Ses principaux adversaires sont Andreas Mavroyiannis, un diplomate de 66 ans soutenu par le parti communiste Akel et ancien le chef des négociateurs chypriotes-grecs dans les pourparlers sur la réunification de l'île (2013-2022), ainsi qu'Averof Neofytou, 61 ans, leader du parti conservateur au pouvoir, Disy.

Hubert Faustmann, professeur de politique et d'histoire à l'Université de Nicosie, parle d'un scrutin «étrange» où «les trois favoris sont liés à l'actuel président», 76 ans, qui achève son deuxième mandat de cinq ans et ne peut plus se représenter. Selon les sondages, aucun candidat ne serait en mesure de remporter la majorité absolue des voix au 1er tour. Un 2e tour serait alors organisé le 12 février.

Corruption «endémique»

Membre de l'Union européenne, Chypre est divisée depuis l'invasion par la Turquie en 1974 du tiers nord de l'île, en réponse à un coup d'Etat de nationalistes chypriotes-grecs qui souhaitaient rattacher le pays à la Grèce.

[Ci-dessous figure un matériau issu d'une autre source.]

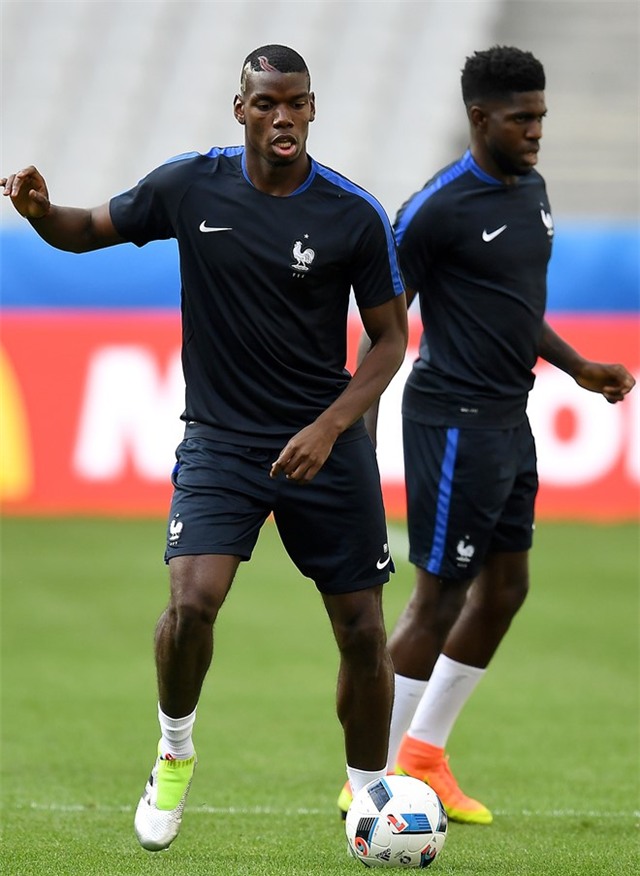 Pogba khoe kieu toc la truoc tran mo man Euro hinh anh 8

Le gouvernement chypriote-grec, qui n'exerce son autorité que sur la partie sud, est reconnu par la communauté internationale, tandis que l'autoproclamée République turque de Chypre-Nord (RTCN), où vivent les Chypriotes turcs, n'est soutenue que par Ankara.

Le nouveau dirigeant sera confronté à des défis sur le plan socio-économique, dont «le défi le plus urgent sera de s'attaquer à la hausse des prix», notamment de l'électricité, estime Fiona Mullen, directrice de la société de conseil Sapienta Economics basée à Nicosie. En 2022, l'inflation a atteint son plus haut niveau en quatre décennies à 10,9%, provoquant une grève générale fin janvier pour des revendications salariales.

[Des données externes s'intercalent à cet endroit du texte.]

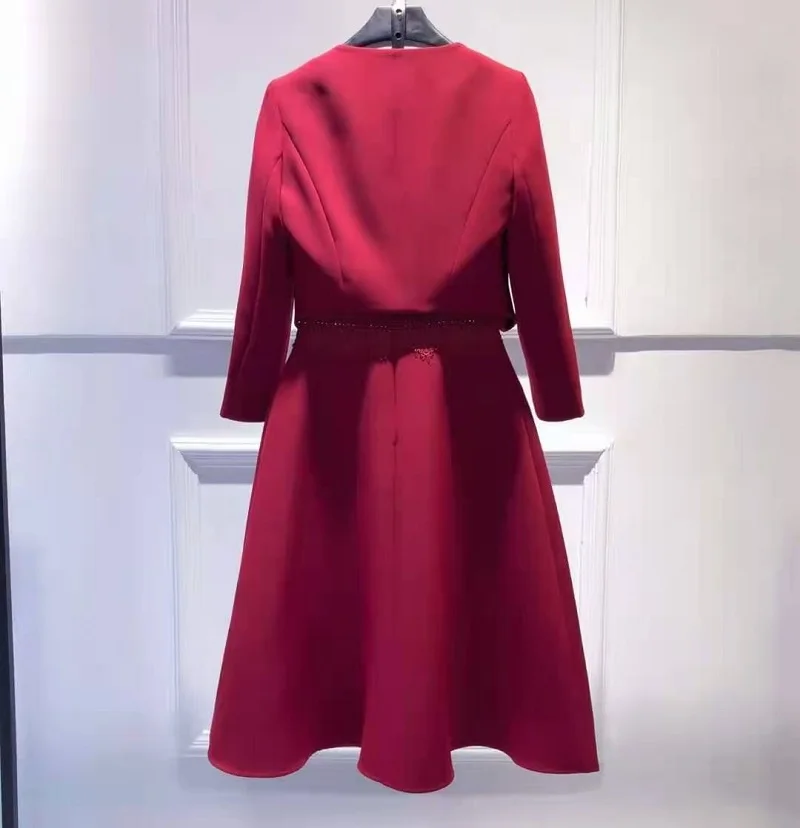 Quality Designer Top Clothing Sets 2021 Spring 2 Piece Set Women Beading Cardigan Coats+Embroidery Vest Dress Sets Work Suits
Quality Designer Top Clothing Sets 2021 Spring 2 Piece Set Women Beading Cardigan Coats+Embroidery Vest Dress Sets Work Suits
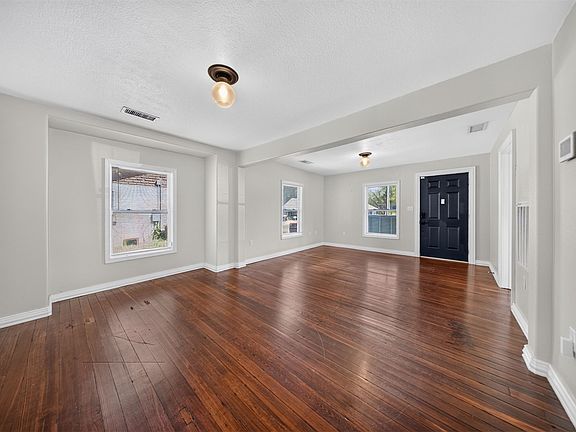 5th image of 610 N 9th St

La lutte contre la corruption est aussi au coeur du débat électoral, notamment après le scandale des «passeports en or». Ce programme d'octroi de passeports contre des investissements sur l'île a dû être annulé en raison d'allégations de corruption, entachant l'image du gouvernement de M. Anastasiades.

«Les candidats ou leurs partisans tentent de faire porter à leurs rivaux la responsabilité d'un problème qui est endémique dans le pays», indique Mme Mullen à l'AFP. Autre sujet d'actualité: l'afflux de migrants, pour lequel Nikos Christodoulides et les deux autres principaux candidats ont promis d'agir.

«Pas de bouleversement»

Les autorités chypriotes affirment que 6% des 915'000 personnes vivant dans le sud de l'île sont des demandeurs d'asile. Selon des chiffres de l'UE publiés en octobre, Chypre détient le second taux le plus élevé de primo-demandeurs d'asile par rapport à sa population dans l'Union européenne, derrière l'Autriche.

D'après M. Faustmann, les trois candidats ont sensiblement la même ligne en s'engageant à «en faire davantage pour le rapatriement des migrants, le contrôle aux frontières et pour obtenir plus d'aide de l'UE». Le gouvernement reproche à la Turquie d'orchestrer une bonne partie de l'arrivée des réfugiés originaires de Syrie et de migrants d'Afrique subsaharienne via la «Ligne verte» qui délimite les deux parties de l'île.

Le futur chef d'Etat sera justement appelé à relancer les pourparlers de paix, au point mort, pour mettre fin à la division de l'île. Selon M. Faustmann, «il s'agit de la plus longue période sans négociations directes», les dernières discussions remontant à 2017.

Sur ce dossier, M. Mavroyiannis, vu comme un «dur» dans les discussions avec les Chypriotes-turcs, «adopte maintenant des positions plus modérées» pour être en accord avec la ligne du parti Akel, indique M. Faustmann.

M. Christodoulides est considéré lui comme un «faucon», et souhaite que l'UE isole la Turquie. Le processus diplomatique parrainé par l'ONU achoppe sur de nombreux points comme la présence de 40'000 soldats turcs en RTCN.

En matière de politique étrangère, rien ou presque ne changera, prévient M. Faustmann. «Les trois (candidats favoris) sont pro-européens et soutiennent les sanctions occidentales contre la Russie», mises en place après l'invasion de l'Ukraine, juge-t-il. «Il n'y aura pas de bouleversement du système» en place.